Each execution the value is randomized:

Destination 0x563714256149
Destination 0x556d8e2f1149
Destination 0x5618c8bdd149
Destination 0x55ee623b0149

The last 12 bits 149 are always the same, but the location of the function can be roughly anywhere between 0x550000000000 and 0x570000000000, meaning that 29 bits are randomized, occupying a possible address space of 0x200 0000 0000 or 2.2 TB of size.

CPU pipeline

The processing of each instruction is a hard task. Some stages of the processing of a single instruction are:

Fetching the instruction;
decoding the instruction;
Executing operations in the Arithmetic Logic Unity

In order to increase the throughput of instructions in the CPU, each task of the instruction is performed by a specific unity of the processor. With all the unities working in parallel, it allows the CPU to execute at much higher clock speeds, that's the idea of a pipeline.

Operation \ clock cycle	1	2	3	4	5
Fetch	A	B	C
Decoding		A	B	C
Execution			A	B	C

Execution of instructions A B and C over the cycles 1-5. In cycle 3, for example, the read, decoding and execution unities are simultaneously active

However, instructions are not completely independent from each other.
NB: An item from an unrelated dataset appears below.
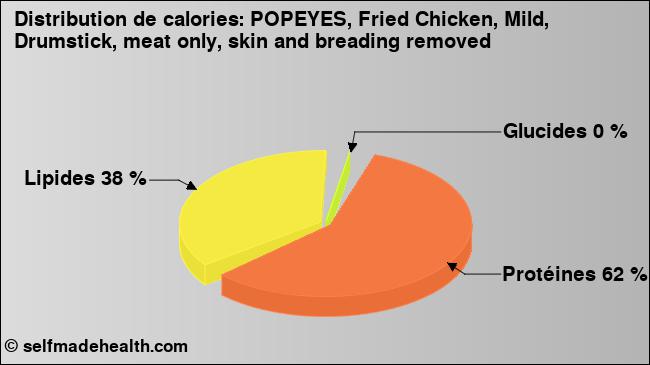 Calories: POPEYES, Fried Chicken, Mild, Drumstick, meat only, skin and breading removed (diagramme, valeurs nutritives)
For example, the following sequence:

A. add ax,[bx]
B. jz $+1
C. mov dl,[rsi]  
D. nop

In this case, the A instruction in the best case will only finish on the cycle 3 in the execution. However, the fetch unity needs to decide what's the next instruction to be fetched from memory, whether instruction C (mov dl,[rsi]) should be skipped. In this scenario, the CPU has the option to wait for the instruction A to finish, that will only happen in the third clock cycle to then fetch the correct instruction on the memory, if the add operation returns 0, for example:

Operation \ clock cycle	1	2	3	4	5	6
Fetch	A	B		D
Decoding		A	B		D
Execution			A	B		D

That implies in a delay in the pipeline because the CPU must wait for the instruction to get executed. In this example the delay is a single clock cycle, but the instruction add ax,[bx] requires a memory operation, which, as seen before, can take up to hundreds of cycles to complete, thus leveraging a significant performance cost on the processor.

A faster option would be trying to "guess" the correct execution path. The CPU can speculate if the branch is taken or not. After that point, the execution continues from the speculated path and the values are only committed if the path is proven correct after the finish of the A instruction. If the path is proven wrong, the results are discarded and the state is reverted to before the speculated point.

Operation \ clock cycle	1	2	3	4	5
Fetch	A	B	(S) C
Decoding		A	B	(S) C
Execution			A	B	(S) C

The only problem in reverting the path taken is that the microarchitectural state of the CPU cannot be reverted. So if the CPU speculates to execute the instruction C (mov dl,[rsi]) the data pointed by rsi will be moved to the cache. This effect can be measured later using a side channel attack.

2 Bit conditional predictor. https://en.wikipedia.org/wiki/Branch_predictor

Spectre V2 (Branch Target Injection)

Not only conditional instructions must be predicted, but also indirect branches. The CPU must have a mechanism for guessing the destinations of an instruction as call [rdi].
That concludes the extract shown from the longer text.